Walter Navarro

Por falar em leiteiro viajante, e o Lula carregando aquela caixa de isopor, em suas férias na Bahia? Deve ter sujado a praia toda com latinhas de leite Brahma...
Se no cinema e em Brasília há sempre alguém pra fazer o trabalho sujo, também tem sempre alguém pra limpar a sujeira. Vejam por exemplo, no mensalão, os asseclas do Lula trocando suas fraldas, levando a culpa e assumindo as cagadas do poderoso chefão que, há sete longos anos, sai limpinho e cheiroso de todos os escândalos.
Num filme do Tarantino, tinha o Mr. Clean que, depois de uma chacina, ia lá limpar o sangue e botar ordem na casa. Tá certo; era a profissão do cara. Sujou, limpou.
Prefiro os limpadores do Tarantino, são mais honestos e coerentes.

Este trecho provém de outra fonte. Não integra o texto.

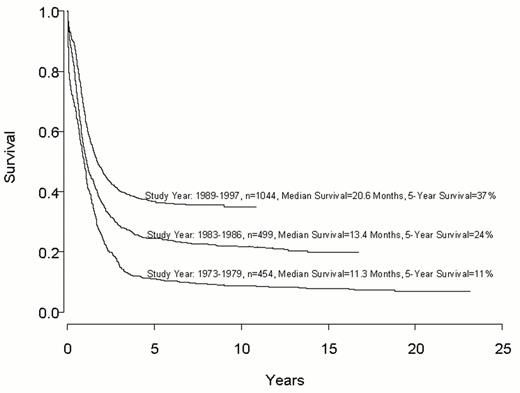Figure 2. Patientsβ€55 years with newly diagnosed acute myeloid leukemia (AML) treated on Eastern Cooperative Oncology Group (ECOG) protocols since 1973.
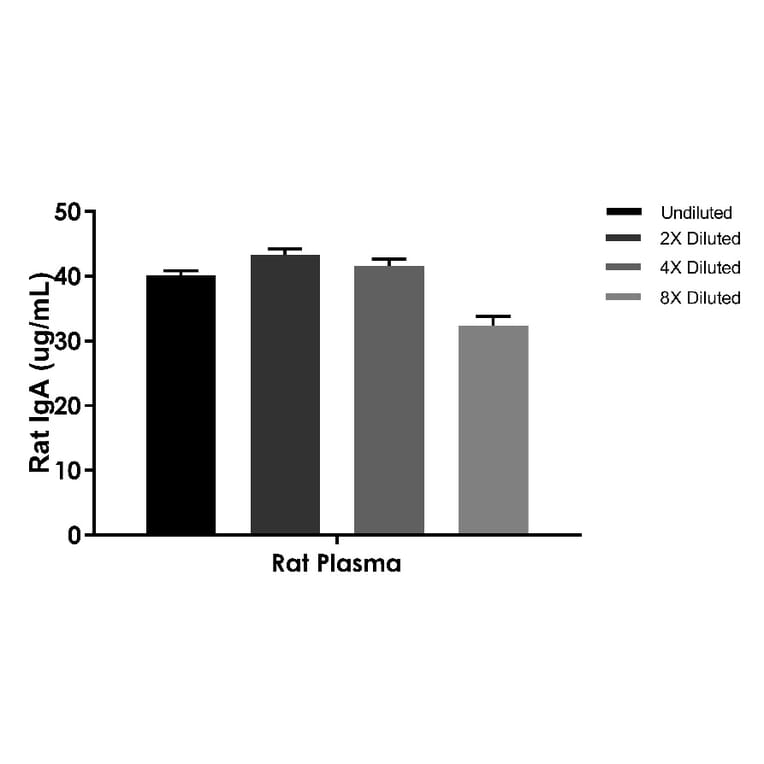 ELISA - Rat IgA ELISA Kit (A334812)- Antibodies.com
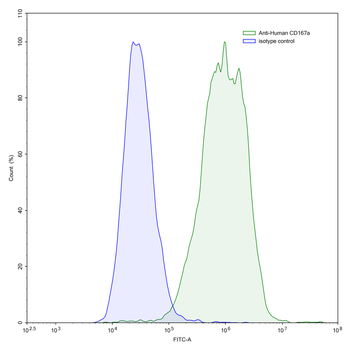 CD167a/DDR1 Mouse Monoclonal Antibody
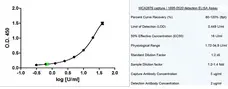 Anti Human CA125 Antibody, clone X325 gallery image 1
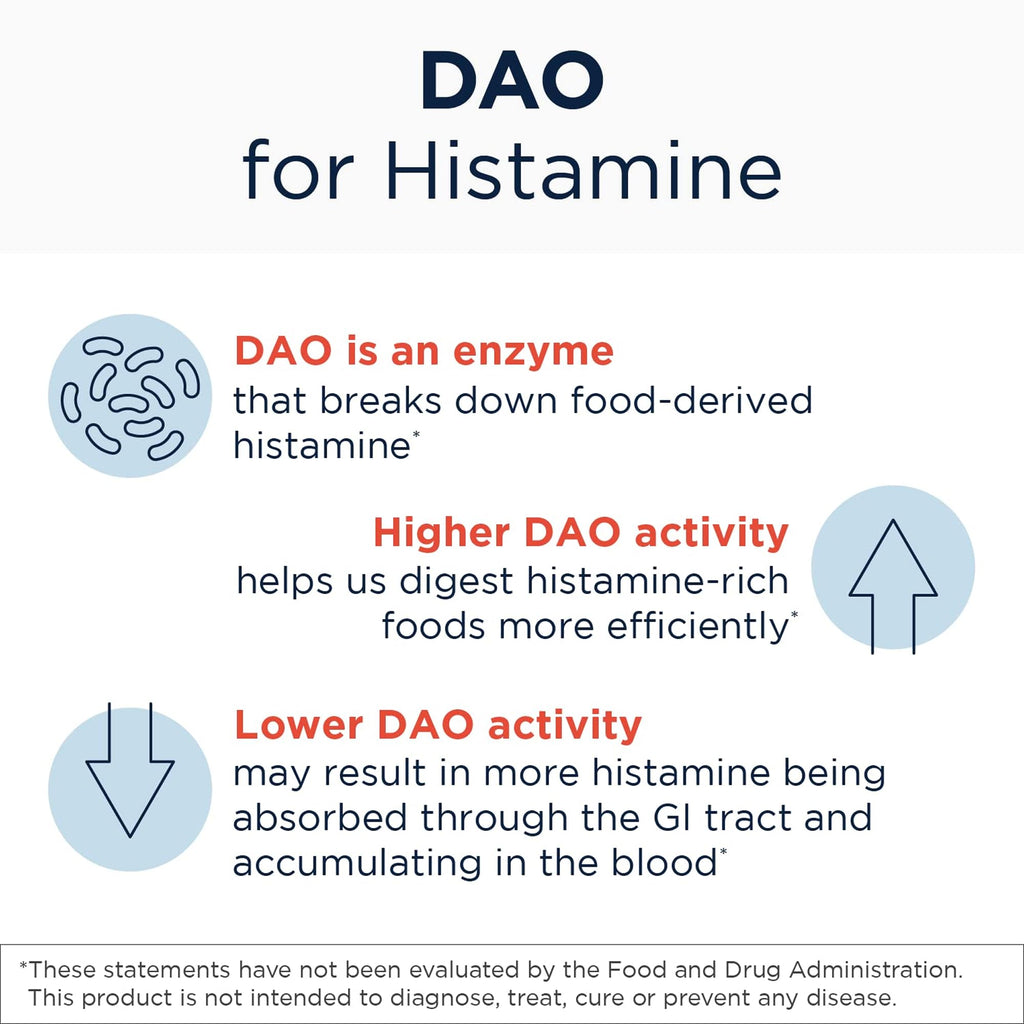Designs for Health HistaGest-DAO - Diamine Oxidase DAO Enzyme to Support Digestion of Histamine-Containing Foods - 20,000 HDU DAO Diamine Oxidase Enzymes (60 Gastro-Resistant Tablets)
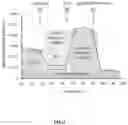 Fig. 02 - BIOENERGETIC PROFILING OF CIRCULATING BLOOD CELLS AND SYSTEMS, DEVICES, AND METHODS RELATING THERETO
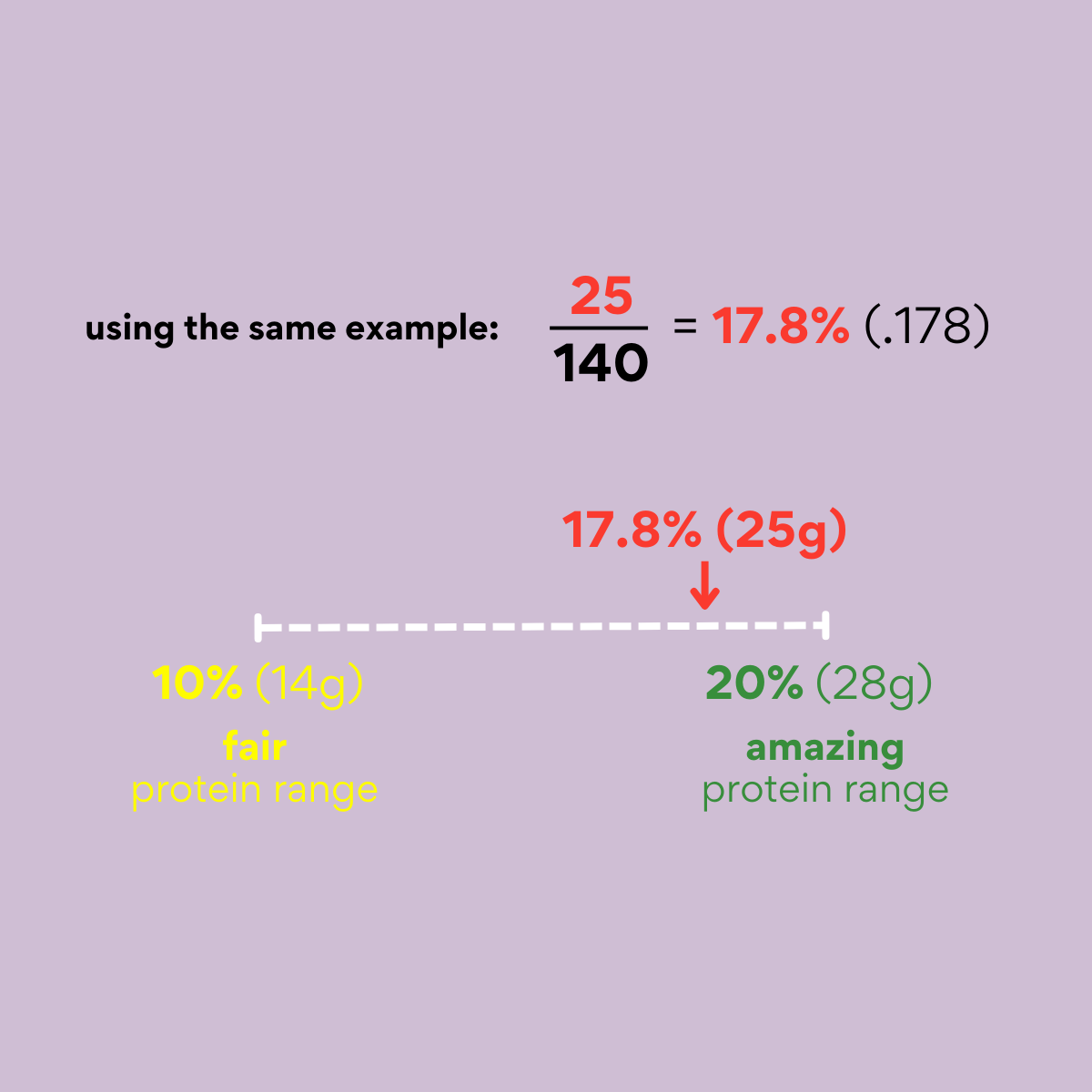 Visual showing how to calculate protein-to-calorie ratio: 25g of protein divided by 140 calories equals 17.8%, placing chicken breast between the โfairโ (10%) and โamazingโ (20%) protein range.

Também tenho profundo respeito e clara preferência por quem, por profissão, limpa a sujeira dos outros: enfermeiras, auxiliares de enfermagem, faxineiras e claro, lixeiros. São todos uns abnegados!
Essa primeira conversa do ano me lembrou o poema do Drummond, “A Morte do Leiteiro”, o leiteiro que, de madrugada, com sua lata, sai correndo e distribuindo leite bom para gente ruim.
Bonito né?
Já o leite bom para gente ruim me lembrou a música “Vaca Profana”, do Caetano Veloso: “Respeito muito minhas lágrimas, mas ainda mais minha risada (...) Vaca profana, põe teus cornos pra fora e acima da manada (...) Ê, ê, ê, ê, ê,
Dona das divinas tetas, derrama o leite bom na minha cara e o leite mau na cara dos caretas”.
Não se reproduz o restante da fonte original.